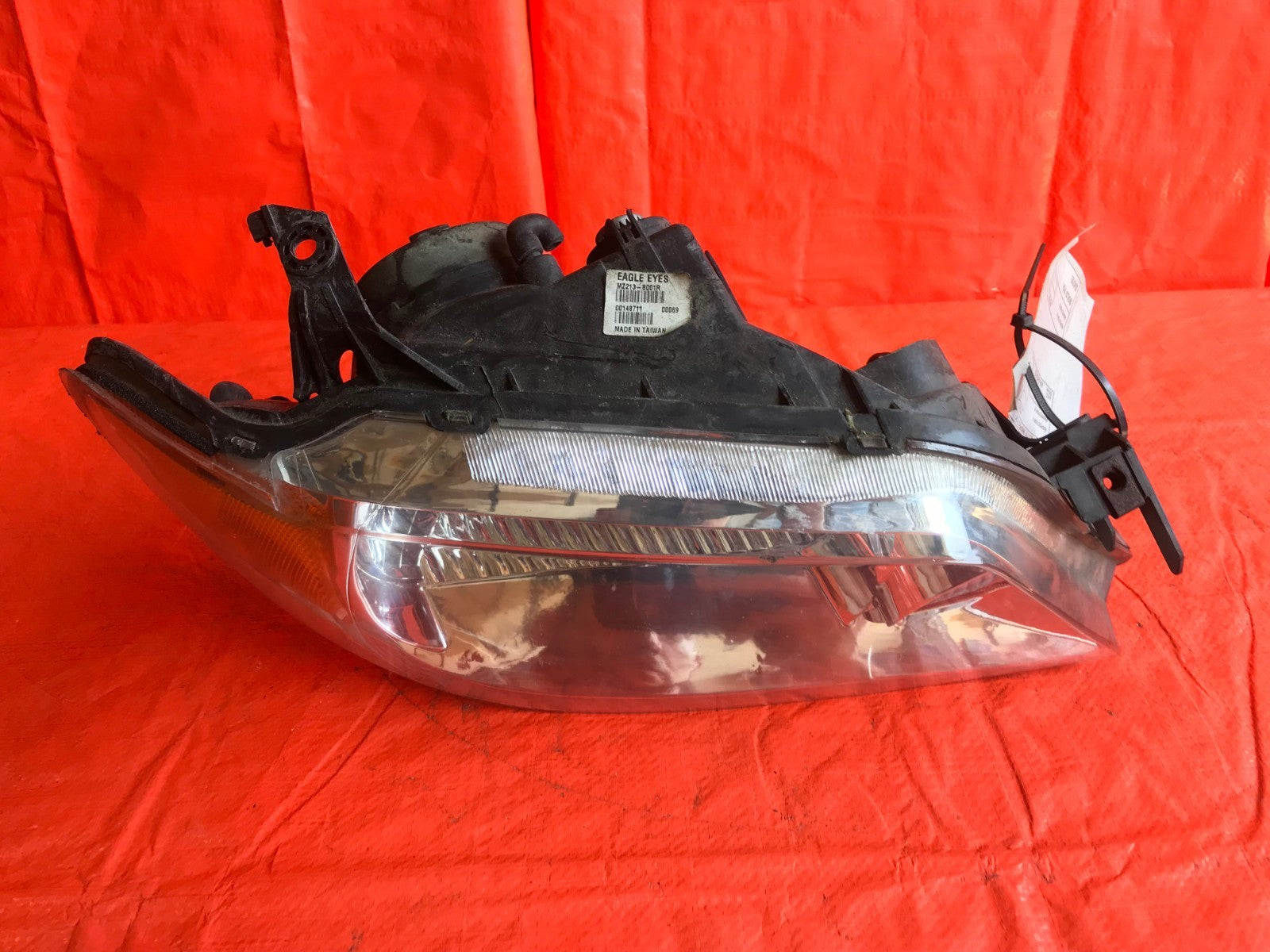 EAGLE EYES BRAND   2003 03 MAZDA PROTEGE CHROME PASSENGER RIGHT HEADLIGHT R RH5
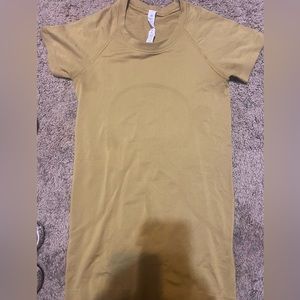 Lululemon Swiftly Top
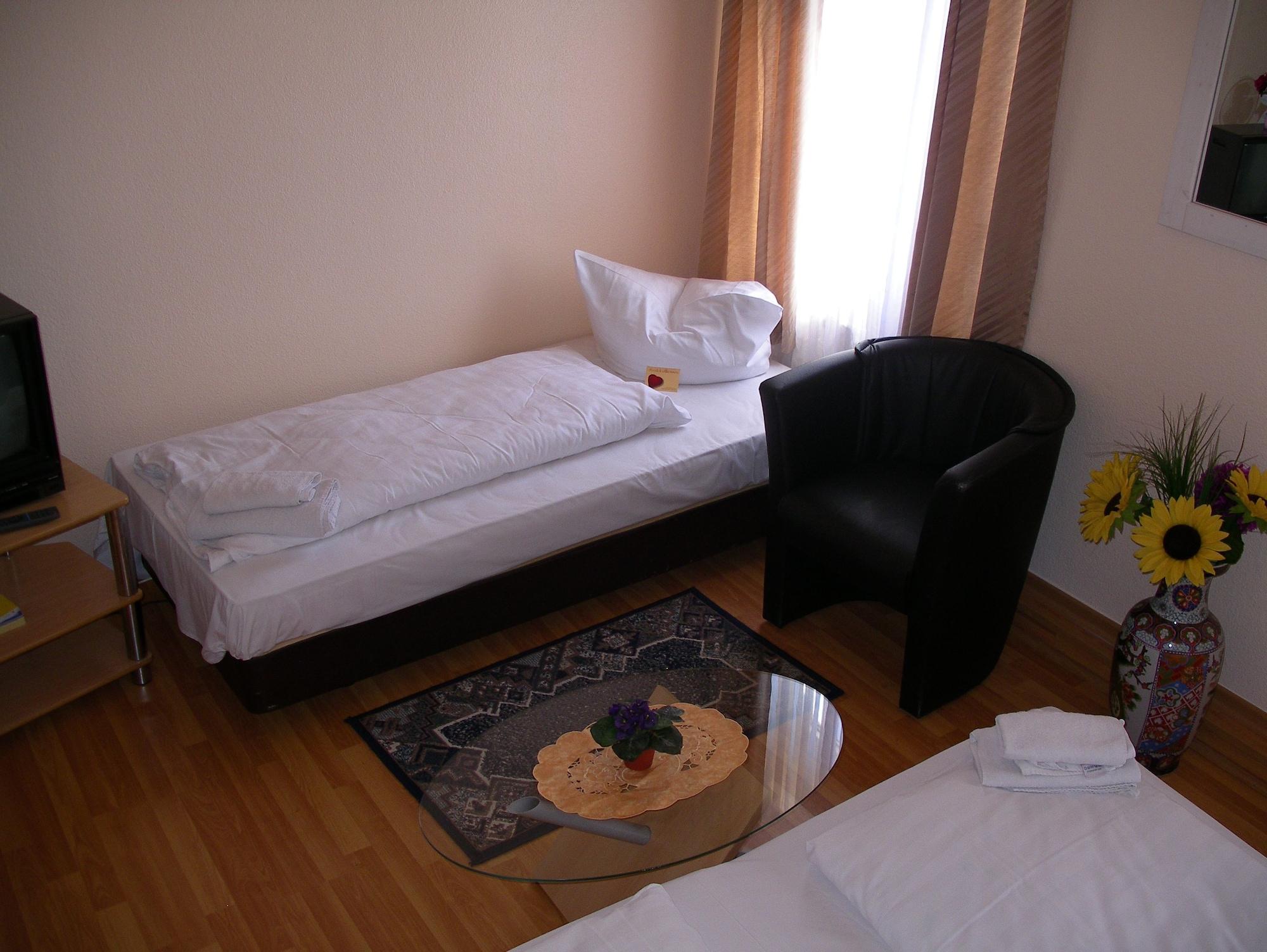 Hotel Garni Djaran Όφενμπαχ Εξωτερικό φωτογραφία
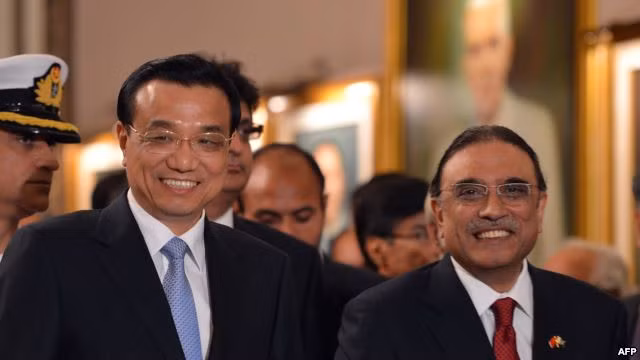 Thủ tướng Trung Quốc Lý Khắc Cường (trái) và Tổng thống Pakistan Asif Ali Zardari (phải) sau lễ ký kết các thỏa thuận tại dinh Tổng thống ở Islamaba, 22/5/2013. Thủ tướng Trung Quốc Lý Khắc Cường (trái) và Tổng thống Pakistan Asif Ali Zardari (phải) sau lễ ký kết các thỏa thuận tại dinh Tổng thống ở Islamaba, 22/5/2013.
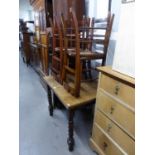 AN OAK DRAW-LEAF DINING TABLE AND FOUR EDWARDIAN BEDROOM CHAIRS (ALL A.F.) (5)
== == ==
* [TRY IT]:
Output the data exactly as it appears. The pictures do not belong in it.

* [OUTPUT FOR THIS EXERCISE]:
 EAGLE EYES BRAND   2003 03 MAZDA PROTEGE CHROME PASSENGER RIGHT HEADLIGHT R RH5
 Lululemon Swiftly Top
 Hotel Garni Djaran Όφενμπαχ Εξωτερικό φωτογραφία
 Thủ tướng Trung Quốc Lý Khắc Cường (trái) và Tổng thống Pakistan Asif Ali Zardari (phải) sau lễ ký kết các thỏa thuận tại dinh Tổng thống ở Islamaba, 22/5/2013. Thủ tướng Trung Quốc Lý Khắc Cường (trái) và Tổng thống Pakistan Asif Ali Zardari (phải) sau lễ ký kết các thỏa thuận tại dinh Tổng thống ở Islamaba, 22/5/2013.
 AN OAK DRAW-LEAF DINING TABLE AND FOUR EDWARDIAN BEDROOM CHAIRS (ALL A.F.) (5)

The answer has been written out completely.